Thursday, August 25, 2011

Braxton who?

For weeks now, I’ve been reading in my pregnancy books and websites and emails that I am probably starting to feel fake, painless contractions. And I should not be alarmed, provided these are indeed the fake ones. Much time and verbiage is spent on explaining how I can be sure that these are the fake contractions--just my body practicing for labor--and not the real deal. But I wasn’t feeling them. And everything else about this pregnancy has happened all early and precociously (see: alarmingly boisterous kicks and astonishingly prominent belly), so where were my fake contractions?

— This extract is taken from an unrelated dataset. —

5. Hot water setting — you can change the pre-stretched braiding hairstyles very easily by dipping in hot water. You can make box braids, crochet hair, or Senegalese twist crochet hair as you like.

I had pretty much arrived at the conclusion that I have a smug uterus. Because really? I totally would. My uterus would be all over-confident about labor, no need to practice or anything. My stupid, proud uterus. (Those are the meanest thoughts I’ve ever hyperbolically claimed to have about my uterus. Which reminds me... before we tried to get pregnant, when I didn’t know whether getting pregnant would be hard, I decided that I should believe in my uterus, and send it positive, nurturing thoughts. Yes, I really did this. It seemed like it had so much work to do, such a burden on its shoulders! Then my uterus was so good at making a baby! No need for all that coddling. Or maybe it was *because* of the positive thoughts and supportive energy that my uterus did so well... Makes you think doesn’t it? And if you are still thinking about where my uterus’s shoulders would be, now would be a good time to catch up.)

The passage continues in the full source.